I was listening to one of the Chase Jarvis Live podcasts last week and during the show the guest was discussing how we should all send very short emails. One sentence emails with no more than 5 words are what the guest strives for. He went on to add that you should intentionally misspell words, write in all lower case letters and not punctuate correctly. The name of the guest escapes me but it wasn’t the messenger that was important as much as it was the message. His message was that this type of email will convey to the recipient that you are a very busy person and that you don’t have time for back and forth email conversations, or frivolous chatter.
Emails like the one described above don’t make me think that the person is really busy. They make me think that this person is either rude, stupid, doesn’t give a shit, or a combination of the three. If I receive an email that reads like the person on the other end was having a stroke while they typed it, I’m going to wonder whether English is not their first language, or, if I need to contact their next of kin.
I agree with the guest on the podcast that emails, for the most part, should be kept short and concise. It wouldn’t be a bad thing if more of us aimed to write emails, text messages or social media updates the way Hemingway would if he were alive today. But I also feel that any correspondence should be given a once-over for any glaring mistakes prior to sending.
SIDE NOTE: If you want to avoid the back and forth conversations in email, don’t leave your thoughts open-ended.

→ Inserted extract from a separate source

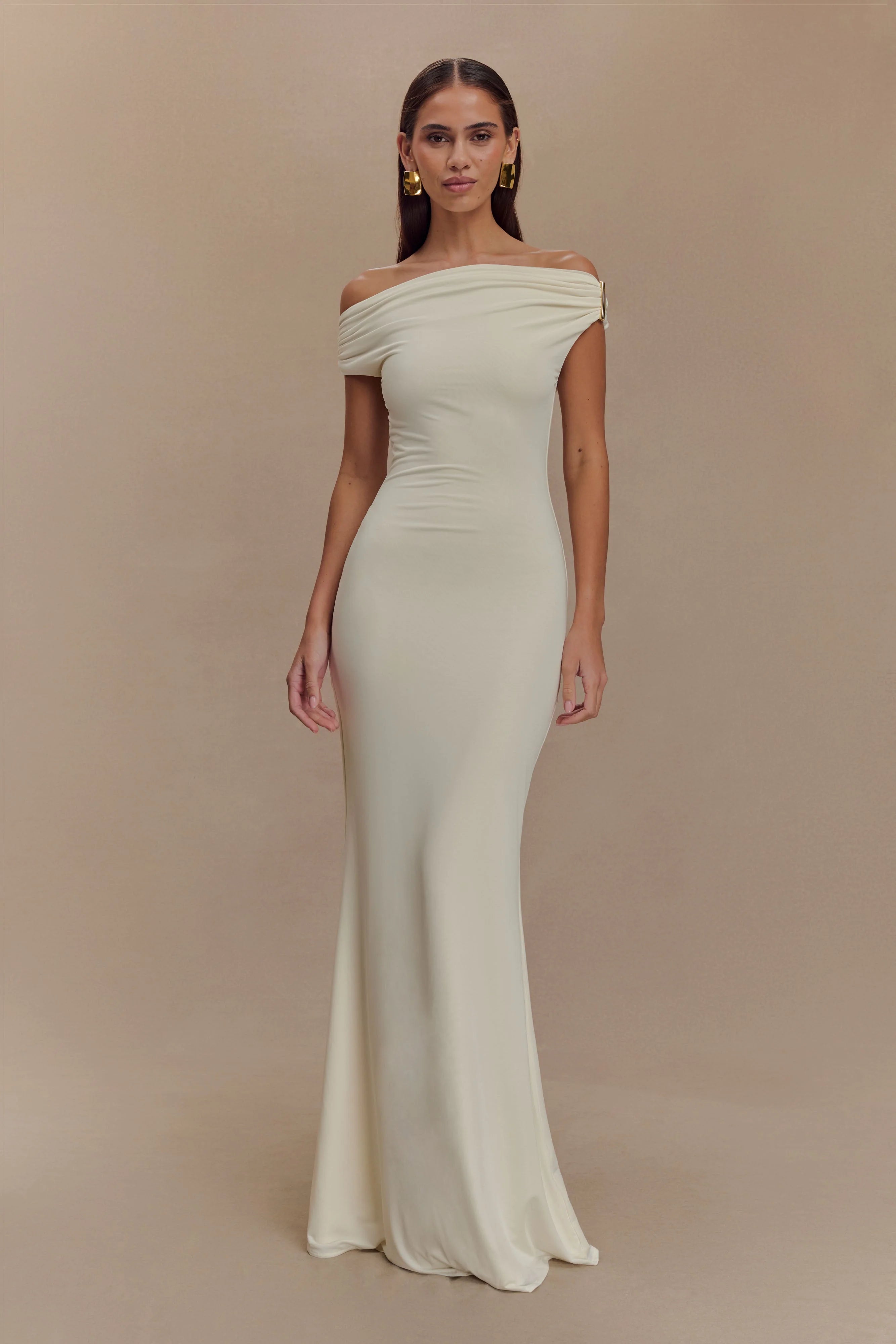 Kinsley Slinky Maxi Dress With Hardware Ivory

To cut down on the back and forth emails I typically give people an If-Then option. I’ll send an email saying that I would like to meet with you at one of the following times. I list out two or three days and specific times that I’m available. I follow that up with if none of these times work for you, then please suggest a day and time when you are free and we’ll find something that works for both of us. This is much more concise then sending one email that asks if the person can meet on Tuesday at 11:30 am. They reply back no. Then you send a second email suggesting a different time. They write back and say no, with no suggested time. You see where I’m going with this. Okay, back to business.

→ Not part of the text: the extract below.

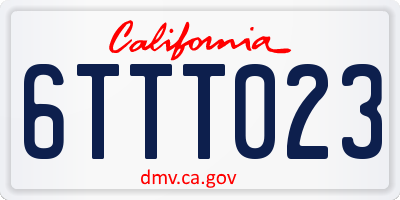 CA license plate 6TTT023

I’m not saying you have to transcribe flawless prose, but don’t appear impatient, uneducated or lazy in your communication. In an age of Damn You, Auto Correct a lot of these mess ups could have been avoided if the sender would’ve exercised 30 seconds of patience to read what they wrote before sending. Taking a few seconds will possibly save you hours. So, take a minute and read it over. Does what you wrote make sense to you? Will it make sense to the person you’re sending it to? I realize we’re all busy, but we can all take a minute to proofread and act like we give a shit.